─── Source information ───

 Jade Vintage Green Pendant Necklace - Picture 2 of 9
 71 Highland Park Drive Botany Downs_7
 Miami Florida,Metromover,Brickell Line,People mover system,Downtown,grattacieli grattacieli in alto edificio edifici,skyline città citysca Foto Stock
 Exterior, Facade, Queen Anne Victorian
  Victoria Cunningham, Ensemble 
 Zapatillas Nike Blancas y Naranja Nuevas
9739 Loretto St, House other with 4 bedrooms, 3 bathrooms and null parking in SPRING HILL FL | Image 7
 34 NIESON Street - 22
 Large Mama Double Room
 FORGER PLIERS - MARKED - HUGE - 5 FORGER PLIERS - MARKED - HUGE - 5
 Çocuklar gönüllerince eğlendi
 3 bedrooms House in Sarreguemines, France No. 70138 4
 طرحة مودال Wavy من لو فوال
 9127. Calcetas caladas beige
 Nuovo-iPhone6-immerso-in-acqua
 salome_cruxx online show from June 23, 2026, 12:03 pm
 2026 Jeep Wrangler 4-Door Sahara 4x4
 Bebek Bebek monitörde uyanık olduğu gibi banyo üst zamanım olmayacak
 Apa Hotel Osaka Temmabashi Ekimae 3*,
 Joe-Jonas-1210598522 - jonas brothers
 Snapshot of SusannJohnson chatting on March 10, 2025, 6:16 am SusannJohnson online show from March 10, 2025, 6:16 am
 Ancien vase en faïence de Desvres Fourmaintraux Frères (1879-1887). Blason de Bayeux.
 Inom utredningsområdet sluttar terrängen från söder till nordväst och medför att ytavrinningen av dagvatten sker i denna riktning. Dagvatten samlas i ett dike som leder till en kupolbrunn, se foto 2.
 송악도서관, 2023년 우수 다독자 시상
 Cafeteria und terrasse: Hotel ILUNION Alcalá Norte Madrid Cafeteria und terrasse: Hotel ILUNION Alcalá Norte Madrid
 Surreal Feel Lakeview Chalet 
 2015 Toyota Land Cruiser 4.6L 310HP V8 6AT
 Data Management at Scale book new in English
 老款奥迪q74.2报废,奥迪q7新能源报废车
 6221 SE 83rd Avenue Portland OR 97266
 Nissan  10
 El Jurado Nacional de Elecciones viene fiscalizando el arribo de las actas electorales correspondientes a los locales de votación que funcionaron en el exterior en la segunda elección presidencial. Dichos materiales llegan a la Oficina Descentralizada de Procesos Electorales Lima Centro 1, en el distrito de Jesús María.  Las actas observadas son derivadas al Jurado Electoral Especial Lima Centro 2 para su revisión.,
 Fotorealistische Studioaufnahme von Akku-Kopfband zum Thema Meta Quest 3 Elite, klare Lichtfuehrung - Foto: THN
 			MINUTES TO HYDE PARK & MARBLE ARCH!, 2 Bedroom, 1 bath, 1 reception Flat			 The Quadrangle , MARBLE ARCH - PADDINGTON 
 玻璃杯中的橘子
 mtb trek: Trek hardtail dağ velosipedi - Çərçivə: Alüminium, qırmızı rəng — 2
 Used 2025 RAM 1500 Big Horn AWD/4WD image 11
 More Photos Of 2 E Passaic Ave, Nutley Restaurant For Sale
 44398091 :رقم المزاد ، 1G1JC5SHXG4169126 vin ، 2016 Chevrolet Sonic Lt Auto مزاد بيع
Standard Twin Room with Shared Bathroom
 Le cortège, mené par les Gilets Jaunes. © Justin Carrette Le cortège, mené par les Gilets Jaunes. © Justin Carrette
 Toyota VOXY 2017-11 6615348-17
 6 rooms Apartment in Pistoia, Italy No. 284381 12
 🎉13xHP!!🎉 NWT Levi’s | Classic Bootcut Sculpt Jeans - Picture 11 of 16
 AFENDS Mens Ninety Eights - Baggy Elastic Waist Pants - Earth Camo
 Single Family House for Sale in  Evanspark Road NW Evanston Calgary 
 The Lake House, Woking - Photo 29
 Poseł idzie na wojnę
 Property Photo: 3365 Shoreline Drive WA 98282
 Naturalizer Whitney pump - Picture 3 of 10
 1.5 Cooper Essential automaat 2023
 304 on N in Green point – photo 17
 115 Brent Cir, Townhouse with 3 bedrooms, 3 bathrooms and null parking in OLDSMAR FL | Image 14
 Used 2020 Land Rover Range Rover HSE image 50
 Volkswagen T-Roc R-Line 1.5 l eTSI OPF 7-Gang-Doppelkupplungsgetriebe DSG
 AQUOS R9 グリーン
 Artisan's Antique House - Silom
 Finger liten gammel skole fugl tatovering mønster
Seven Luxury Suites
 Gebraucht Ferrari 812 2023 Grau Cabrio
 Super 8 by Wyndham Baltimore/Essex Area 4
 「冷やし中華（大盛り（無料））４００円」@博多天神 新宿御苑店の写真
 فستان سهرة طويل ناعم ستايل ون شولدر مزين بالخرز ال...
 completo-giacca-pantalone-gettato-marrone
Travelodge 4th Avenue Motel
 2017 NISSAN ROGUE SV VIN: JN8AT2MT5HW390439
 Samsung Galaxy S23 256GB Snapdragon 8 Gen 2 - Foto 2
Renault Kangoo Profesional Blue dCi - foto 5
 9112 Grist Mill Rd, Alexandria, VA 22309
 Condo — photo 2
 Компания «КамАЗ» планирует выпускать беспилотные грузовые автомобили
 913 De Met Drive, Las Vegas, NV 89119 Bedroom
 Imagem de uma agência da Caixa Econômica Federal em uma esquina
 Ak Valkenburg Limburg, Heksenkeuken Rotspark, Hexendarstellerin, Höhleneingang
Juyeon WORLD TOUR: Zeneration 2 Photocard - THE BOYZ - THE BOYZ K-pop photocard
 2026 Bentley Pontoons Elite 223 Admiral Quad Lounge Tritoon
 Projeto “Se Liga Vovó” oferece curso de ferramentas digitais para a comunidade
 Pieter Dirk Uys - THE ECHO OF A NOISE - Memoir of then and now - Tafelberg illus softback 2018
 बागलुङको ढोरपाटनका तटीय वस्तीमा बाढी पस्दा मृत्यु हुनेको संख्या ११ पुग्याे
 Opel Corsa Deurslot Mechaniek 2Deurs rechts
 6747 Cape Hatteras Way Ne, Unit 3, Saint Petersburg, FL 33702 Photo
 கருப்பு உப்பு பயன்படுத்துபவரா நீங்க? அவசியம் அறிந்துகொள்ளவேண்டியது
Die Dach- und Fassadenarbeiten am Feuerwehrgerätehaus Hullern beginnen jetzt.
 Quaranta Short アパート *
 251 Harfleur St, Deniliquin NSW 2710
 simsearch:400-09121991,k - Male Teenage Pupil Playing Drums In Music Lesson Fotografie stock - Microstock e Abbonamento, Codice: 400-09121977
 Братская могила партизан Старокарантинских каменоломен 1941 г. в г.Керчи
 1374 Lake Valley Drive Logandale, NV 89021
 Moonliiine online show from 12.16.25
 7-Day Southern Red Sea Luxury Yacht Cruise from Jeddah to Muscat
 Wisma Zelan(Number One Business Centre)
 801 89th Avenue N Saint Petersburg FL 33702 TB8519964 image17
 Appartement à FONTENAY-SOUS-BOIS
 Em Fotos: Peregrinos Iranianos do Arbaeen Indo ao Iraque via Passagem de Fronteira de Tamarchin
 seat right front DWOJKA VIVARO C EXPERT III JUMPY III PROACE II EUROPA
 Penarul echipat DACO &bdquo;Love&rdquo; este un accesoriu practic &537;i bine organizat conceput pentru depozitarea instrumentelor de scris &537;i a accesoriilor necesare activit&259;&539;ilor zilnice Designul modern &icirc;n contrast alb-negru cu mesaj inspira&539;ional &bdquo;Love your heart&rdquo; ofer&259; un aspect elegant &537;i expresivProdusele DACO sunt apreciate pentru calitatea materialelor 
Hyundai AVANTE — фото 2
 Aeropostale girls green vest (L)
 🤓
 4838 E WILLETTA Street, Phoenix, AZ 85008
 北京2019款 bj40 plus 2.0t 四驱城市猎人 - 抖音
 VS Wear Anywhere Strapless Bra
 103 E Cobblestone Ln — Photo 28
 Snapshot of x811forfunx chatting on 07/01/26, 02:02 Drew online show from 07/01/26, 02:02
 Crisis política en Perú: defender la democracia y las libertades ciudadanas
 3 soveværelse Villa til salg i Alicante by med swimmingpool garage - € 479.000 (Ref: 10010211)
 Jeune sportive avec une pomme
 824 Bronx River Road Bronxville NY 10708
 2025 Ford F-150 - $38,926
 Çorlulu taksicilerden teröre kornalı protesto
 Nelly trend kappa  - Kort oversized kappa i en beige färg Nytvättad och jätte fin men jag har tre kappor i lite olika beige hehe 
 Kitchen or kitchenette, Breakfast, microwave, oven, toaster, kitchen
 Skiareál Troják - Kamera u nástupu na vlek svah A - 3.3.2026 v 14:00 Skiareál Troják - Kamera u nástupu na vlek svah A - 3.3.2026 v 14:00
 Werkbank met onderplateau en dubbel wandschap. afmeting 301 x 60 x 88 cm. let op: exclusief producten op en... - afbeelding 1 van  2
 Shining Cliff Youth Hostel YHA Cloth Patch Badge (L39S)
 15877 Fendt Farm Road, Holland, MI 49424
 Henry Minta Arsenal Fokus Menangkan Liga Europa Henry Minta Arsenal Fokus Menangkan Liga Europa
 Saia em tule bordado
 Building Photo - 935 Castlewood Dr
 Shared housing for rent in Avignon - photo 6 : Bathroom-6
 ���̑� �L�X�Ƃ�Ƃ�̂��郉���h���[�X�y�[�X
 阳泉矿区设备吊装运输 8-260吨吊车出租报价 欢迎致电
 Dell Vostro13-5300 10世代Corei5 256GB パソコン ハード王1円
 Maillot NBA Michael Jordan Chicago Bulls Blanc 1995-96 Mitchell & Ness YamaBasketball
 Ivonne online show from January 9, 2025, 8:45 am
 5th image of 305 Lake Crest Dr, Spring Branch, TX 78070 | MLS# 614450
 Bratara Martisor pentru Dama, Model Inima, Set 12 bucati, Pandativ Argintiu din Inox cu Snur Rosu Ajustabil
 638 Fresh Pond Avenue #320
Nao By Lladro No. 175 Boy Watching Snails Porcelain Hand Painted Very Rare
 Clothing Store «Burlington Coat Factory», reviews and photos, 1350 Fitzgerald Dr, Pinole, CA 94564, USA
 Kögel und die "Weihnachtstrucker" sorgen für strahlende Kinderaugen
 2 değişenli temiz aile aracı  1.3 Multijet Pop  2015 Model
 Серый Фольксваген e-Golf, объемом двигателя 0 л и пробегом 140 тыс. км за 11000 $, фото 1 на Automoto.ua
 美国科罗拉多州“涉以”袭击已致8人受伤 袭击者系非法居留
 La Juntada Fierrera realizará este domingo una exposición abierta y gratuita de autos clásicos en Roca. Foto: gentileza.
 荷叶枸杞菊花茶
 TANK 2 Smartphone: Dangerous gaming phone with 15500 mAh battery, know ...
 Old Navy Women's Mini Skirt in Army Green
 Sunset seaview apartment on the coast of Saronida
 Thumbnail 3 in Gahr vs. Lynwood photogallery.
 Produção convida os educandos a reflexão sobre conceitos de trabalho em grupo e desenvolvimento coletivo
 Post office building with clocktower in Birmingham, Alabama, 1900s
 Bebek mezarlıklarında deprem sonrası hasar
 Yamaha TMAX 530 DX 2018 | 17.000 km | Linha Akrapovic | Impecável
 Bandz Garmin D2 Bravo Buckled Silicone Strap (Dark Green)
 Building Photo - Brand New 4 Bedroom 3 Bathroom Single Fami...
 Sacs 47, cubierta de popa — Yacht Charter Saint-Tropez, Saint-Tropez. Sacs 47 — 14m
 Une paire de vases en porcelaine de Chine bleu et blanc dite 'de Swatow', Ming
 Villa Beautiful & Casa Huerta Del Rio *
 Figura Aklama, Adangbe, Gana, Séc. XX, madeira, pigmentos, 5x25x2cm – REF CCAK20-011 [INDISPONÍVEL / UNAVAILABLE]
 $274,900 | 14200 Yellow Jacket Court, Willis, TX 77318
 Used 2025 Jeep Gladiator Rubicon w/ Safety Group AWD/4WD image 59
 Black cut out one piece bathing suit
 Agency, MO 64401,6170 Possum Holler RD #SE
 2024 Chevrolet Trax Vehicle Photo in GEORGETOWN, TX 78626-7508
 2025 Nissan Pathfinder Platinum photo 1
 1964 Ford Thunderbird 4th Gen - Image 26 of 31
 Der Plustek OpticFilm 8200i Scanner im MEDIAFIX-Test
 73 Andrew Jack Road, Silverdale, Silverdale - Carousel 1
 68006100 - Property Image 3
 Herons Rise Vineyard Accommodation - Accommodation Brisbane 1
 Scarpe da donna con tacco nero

───

Take exactly the lines from the one containing "6747 Cape Hatteras" through the one containing "Em Fotos: Peregrinos" in the data above, and output them with nothing added.

# Exercise output
 6747 Cape Hatteras Way Ne, Unit 3, Saint Petersburg, FL 33702 Photo
 கருப்பு உப்பு பயன்படுத்துபவரா நீங்க? அவசியம் அறிந்துகொள்ளவேண்டியது
Die Dach- und Fassadenarbeiten am Feuerwehrgerätehaus Hullern beginnen jetzt.
 Quaranta Short アパート *
 251 Harfleur St, Deniliquin NSW 2710
 simsearch:400-09121991,k - Male Teenage Pupil Playing Drums In Music Lesson Fotografie stock - Microstock e Abbonamento, Codice: 400-09121977
 Братская могила партизан Старокарантинских каменоломен 1941 г. в г.Керчи
 1374 Lake Valley Drive Logandale, NV 89021
 Moonliiine online show from 12.16.25
 7-Day Southern Red Sea Luxury Yacht Cruise from Jeddah to Muscat
 Wisma Zelan(Number One Business Centre)
 801 89th Avenue N Saint Petersburg FL 33702 TB8519964 image17
 Appartement à FONTENAY-SOUS-BOIS
 Em Fotos: Peregrinos Iranianos do Arbaeen Indo ao Iraque via Passagem de Fronteira de Tamarchin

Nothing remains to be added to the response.